Equally important, Hezbollah provides a large segment of the Shiite community, historically disadvantages and marginalized, with a sense of identity and pride. The hammering away at Hezbollah will likely deepen the feeling of victim-hood within the Shiite community and turn it against Israel and the West.
Secondly, contrary to the conventional wisdom, Hezbollah is not like a rotten tooth that can be plucked out easily. Hezbollah is one of the most pivotal political players on the Lebanese landscape. It has two ministers in the current government and a large popular base of support in the country and the region.

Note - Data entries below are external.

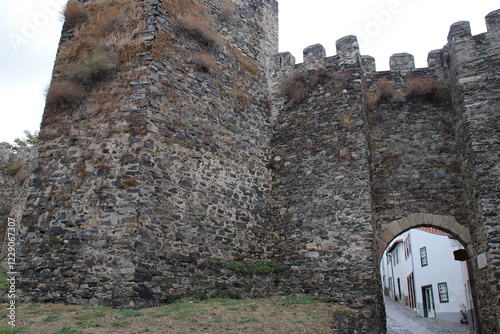 medieval ramparts and st anthony gate in bragança in portugal  photo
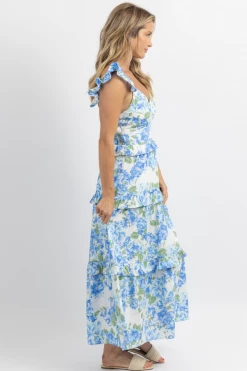 SUGARLIPS SOIREE BLUE FLORAL RUFFLE MAXI DRESS NEW ARRIVALS 10 SUGARLIPS SOIREE BLUE FLORAL RUFFLE MAXI DRESS NEW ARRIVALS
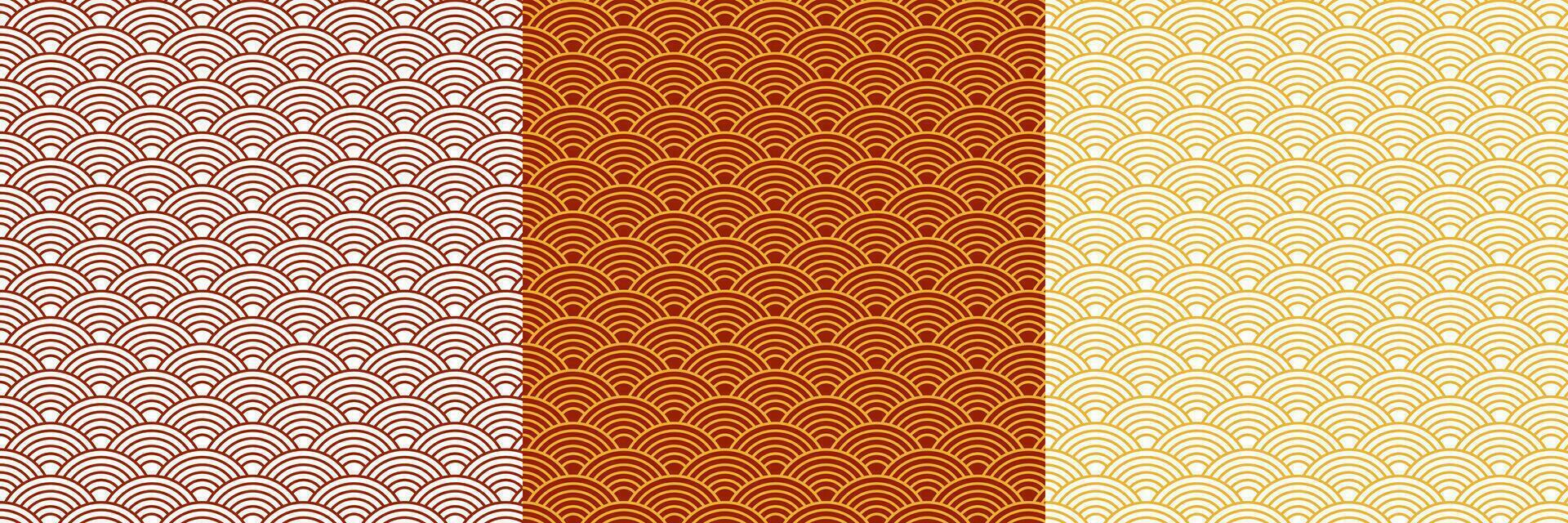 Japanese Wave pattern seamless, Vector Set, Red and golden Color, Lunar new year decoration, Chinese new year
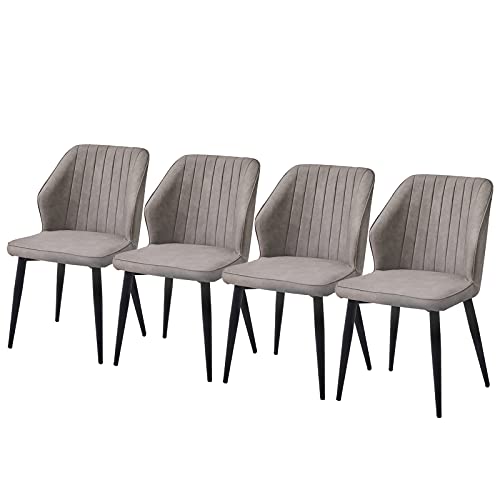 TUKAILAi, TUKAILAI Grey FAUX LEATHER Dining Chairs Set of 4 pcs Kitchen Chairs Lounge Leisure Living Room Corner Chairs Leatherette Faux Leather
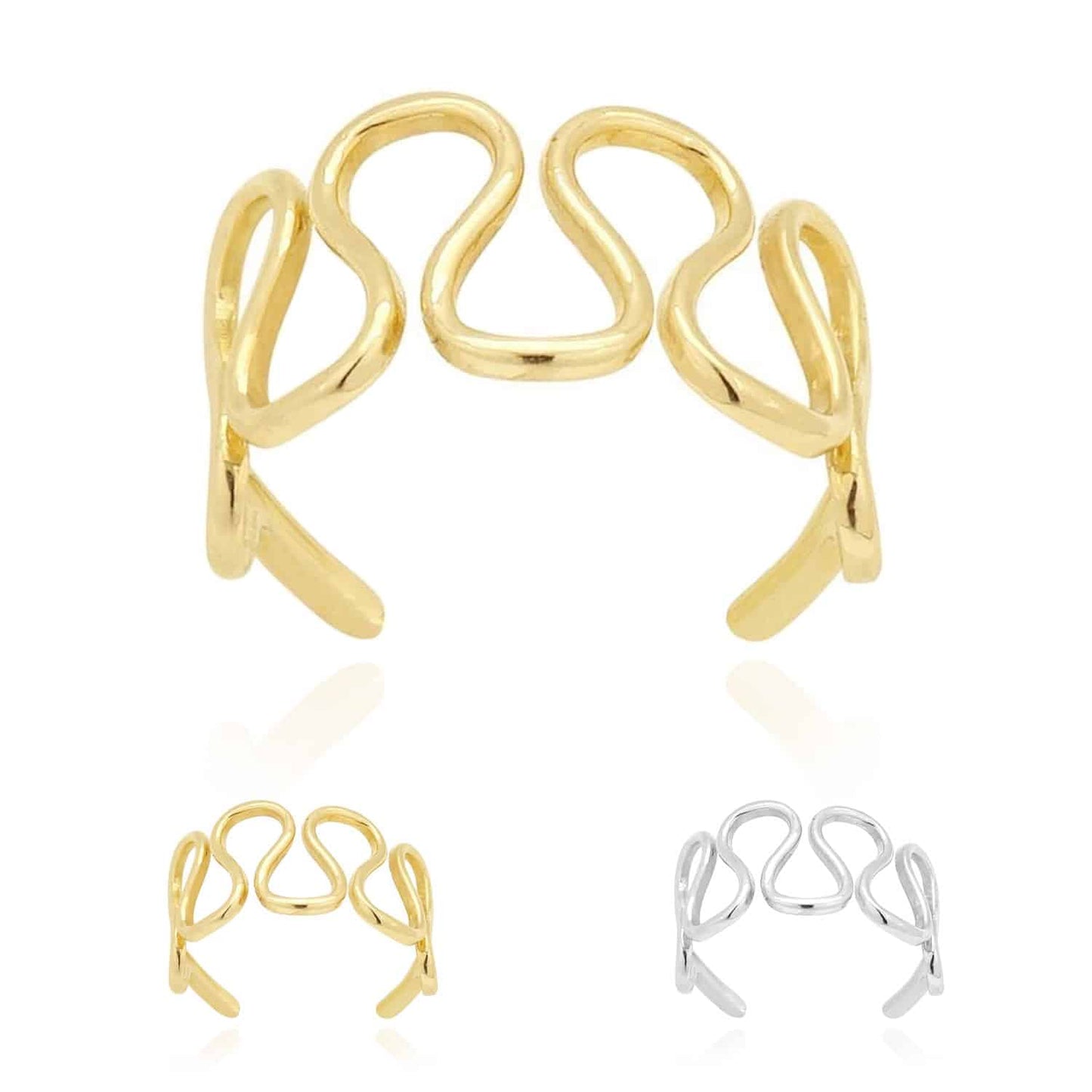 14k Gold Yellow White Squiggle Filigree Fancy Toe Ring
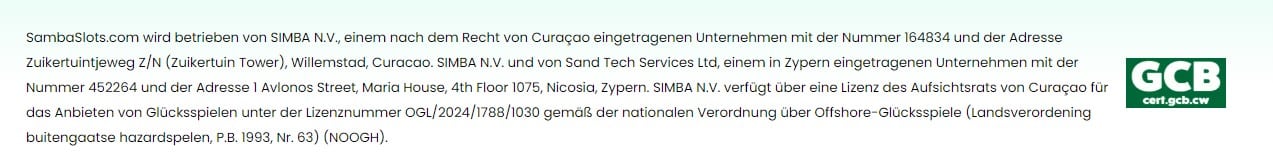 Samba Slots Glücksspiellizenz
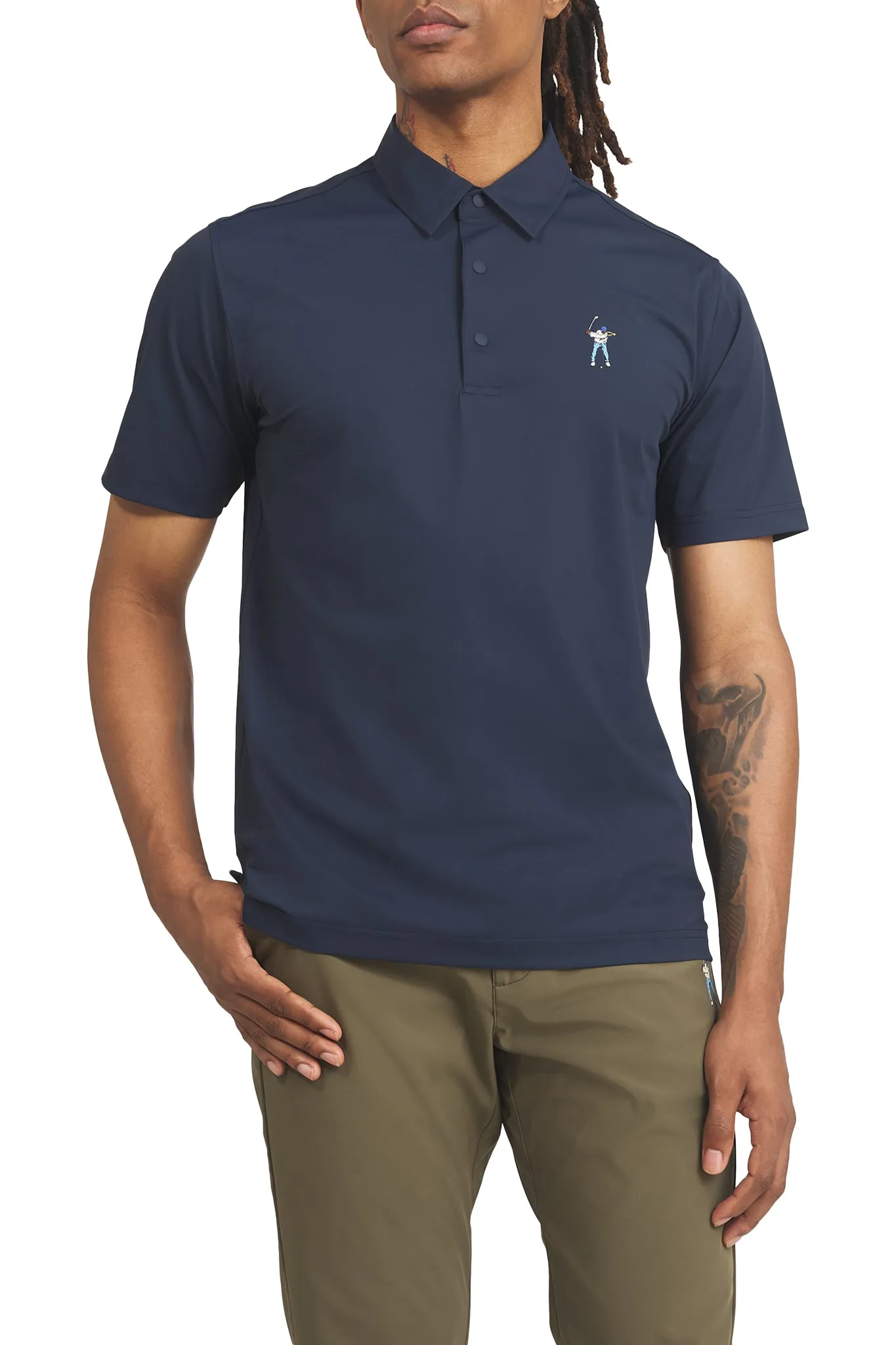 Midnight Navy Men's Snap Placket Polo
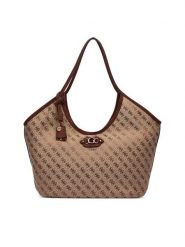 Guess Torebka Samantha HWJG23 13230 Brązowy jasny. Brązowe shopperki damskie Guess, z aplikacjami, z materiału, bez dodatków. Za 634.99 zł.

Thirdly, since the mid-1980s, Hezbollah has proved itself on the battlefield against Israeli military might. It forced Israel to withdraw under fire from a small strip of land in southern Lebanon in 2000. No other Arab state or a group has been able to militarily defeat Israel on the battlefield. Hezbollah is the most powerful paramilitary non-state organization in the region. Its military and organizational skills dwarf those of Palestinian Hamas and other militant groups like Al Qaeda. It is a power to be reckoned with. Israeli leaders have already scaled their demands in the last few days because they have come to appreciate the costliness of aiming too high in its fight against Hezbollah.

MICHAEL FLETCHER, Washington Post White House Reporter, August 4, 2006
CZIKOWSKY: How well is the Lebanese government holding up, as of today? It is sad that a democratic government may be pushed aside by a country searching for a more militant stance against Israel and the United States.
FLETCHER: It has to be struggling. Bombs are raining down over much of the country. A quarter of the population is displaced. The infrastructure is being battered. It seems to me that those tings tend to radicalize a population.

MICHAEL YOUNG, Opinion (Lebanon) Editor and SAUL SINGER Jerusalem Post columnist, August 15, 2006
CZIKOWSKY: What is your advice on achieving a permanent solution, not just a temporary cease fire? Will it take a few generations to decide that peace is better and living with respect of each other is best, or can there be a general acceptance of peace within the current generation? If so, how can it be achieved?
YOUNG: I’m very pessimistic about achieving a permanent solution in south Lebanon. Hezbollah won’t disarm, and its adversaries in Lebanon are too frightened of provoking a civil war to challenge the party by demanding more forcefully that it bend to the national consensus and surrender its weapons. This is an impossible situation, and one bound to lead to more violence in the future.
SINGER: A permanent solution ultimately means dealing with the root cause of the problem, namely Syria and Iran. This is an opportunity to demonstrate that supporting proxy terrorist armies is a sanction-able international offense. The war against terrorism is not serious so long as states like Iran and Syria can support terrorism with impunity.